Article ID: 100009943

calendar_today

Updated On:

Description

Error Message

c:\hasys -state
#System                     Attribute        Value
       SysState        RUNNING
       SysState        REMOTE_BUILD

 

 

Cause

Issue may be related to dropped packets across the heartbeat network which will prevent the cluster from forming.  This could be due to the LLT packets not being able to be transmitted over the network with the default LLT MTU of 1500.  If the network will not allow this size UDP packet the LLT service will not be able to transmit cluster messages between the nodes.

Resolution

Edit the LLTTab.txt file (%vcs_root%\comms\llt) on ALL nodes of the cluster to use a lower MTU value (default value is 1500)

Use the following steps to

  • Stop the cluster
  • Edit the LLTTab.txt file, changing the MTU value to 1200
  • Restart the cluster

 

1.  Stop HAD on all nodes
     Run the following command on one node

hastop -all -force

     HAD may not respond to commands while the cluster is stuck in a Remote_Build state. 

If so, manually kill HAD.exe and HaShadow:

In Task Manager \ Processes tab click on "Show Processes from all users"

End Process on HAD.exe and Hashadow.exe

     Please confirm that both processes ended and did not restart.


2.  Stop LLT on all nodes.

Run the following command on ALL nodes of the cluster to stop LLT communication.

         net stop llt /y

3.  Backup the LLTTab.txt file. (in the %vcs_root%\comms\llt folder)


4.  Manually edit the LLTTab.txt file on each node of the cluster. 

 

If Heartbeat NICs are configured to use LLT over Ethernet, on each line starting with "link" change the last "-" to 1200


Example LLTTab.txt file with default value of 1500:

# This is a program generated file. Please do not edit.
set-node DRSERVER1
set-cluster 2

link Adapter0 00:00:00:00:00:00 - ether - -
link Adapter1 00:00:00:00:00:00 - ether - -

#disable LLT broadcasts

set-bcasthb 0
set-arp 1


Example LLTTab.txt file with MTU set to 1200:

# This is a program generated file. Please do not edit.
set-node DRSERVER1
set-cluster 2

link Adapter0 00:00:00:00:00:00 - ether - 1200
link Adapter1 00:00:00:00:00:00 - ether - 1200

#disable LLT broadcasts

set-bcasthb 0
set-arp 1


 
Save and close the LLTTab.txt file to save changes.



If Heartbeat NICs are configured to use LLT over UDP then change the second to last "-" to 1200

Example:

On lines beginning with 'link':
“link Link1 udp - udp 50000 - 10.10.10.10 -”

Edit as follows:
“link Link1 udp - udp 50000 1200 10.10.10.10 -”

5.  Start HAD to confirm cluster is able to form

Run the following command on just one node to start HAD on all systems:

C:\hastart

6.  Run the following command to check cluster status


C:\hasys -state

All nodes should now be listed in a RUNNING state.

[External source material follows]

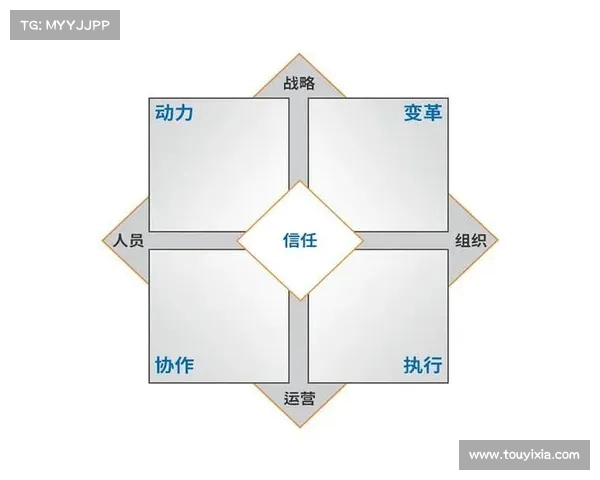 队内竞争与协作平衡：如何在激烈竞争中促进团队整体表现与创新活力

Please note that if the last command is run too soon, the other node may not have enough time to start.
Repeat the command until both nodes show as RUNNING


Applies To

SFW-HA 5.1 SP2

SFW-HA 6.0

SFW-HA 6.0.1

Windows 2008 Standard (x64-64bit)

LLT is configured to use LLT

Issue/Introduction

 When using LLT over UDP the cluster may not form and all nodes be able to take up cluster membership. Cluster will not form due to a node is stuck in a REMOTE_BUILD state.